A 2017 review of Prof Carrier’s book by The EastAfrican noted that he had untangled “the different threads contributing to Eastleigh’s economic exceptionalism, recording how they came together out of a conjunction of colonialism, migration, civil war, globalisation, and transnational ethnic networks” to live and thrive here. Prof Carrier also examines the transition of Eastleigh from what began as a patchwork of micro-enterprises and informal sector activities to a home for formal sector enterprises that became the third largest tax revenue generating area of Nairobi.
But, at the same time, Prof Carrier, just like Abdi and Dalmar, uses the book to set the record straight on how Somalis and other members of the Muslim community became the primary victims of state human rights abuses and reprisals based on an awkward policy of collective responsibility at the height of the war or terrorism and transnational crime.
Eastleigh, he notes, became the scapegoat for the series of terrorist attacks, even though the Muslim Youth Centre in the nearby Majengo settlement was identified as the main Al-Shabaab recruiting node under the influence a charismatic community activist named Iman. Abdi, the organising secretary of the Eastleigh Business District Association, says this suburb has turned a new leaf and has shaken off that tag.

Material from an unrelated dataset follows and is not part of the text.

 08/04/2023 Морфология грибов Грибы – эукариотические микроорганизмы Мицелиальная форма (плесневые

And indeed it has. Eastleigh is now positioning itself as a modern business hub. It’s biggest mall, the new Business Bay Square, is scheduled to be officially opened in the coming months but business is already thriving here. Boasting parking for 2,000 cars and one of the largest shopping acreage in the country BBS, as Dalmar abbreviates it, is being designed a mixed-use community that will, once complete, also host a five-star hotel and serviced apartments. Its anchor tenant is the Carrefour supermarket chain but Dalmar says it offers “everything that Eastleigh is known for.”
Abdi, on the other hand, says the business community has embarked on an initiative to be tax-compliant. The leadership organises regular clinics with business people during which it trains them on taxation, book-keeping and licensing procedures. This, Abdi says, is aimed at shedding off that “smugglers” tag that has hung in the air here like a stubborn virus.

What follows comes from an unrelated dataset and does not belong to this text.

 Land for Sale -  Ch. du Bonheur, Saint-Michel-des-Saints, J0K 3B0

As we sit and talk, and as we drive around this neighbourhood in the evening, it is clear that decades of disorganisation are slowly giving way to a new dream. This vibrant community might not have a single visible thread tying it together, but its aspirations and concepts of socialisation, mutualism and collective existence have brought it here, and it is not looking back.
And, who knows? This could indeed become our little Dubai!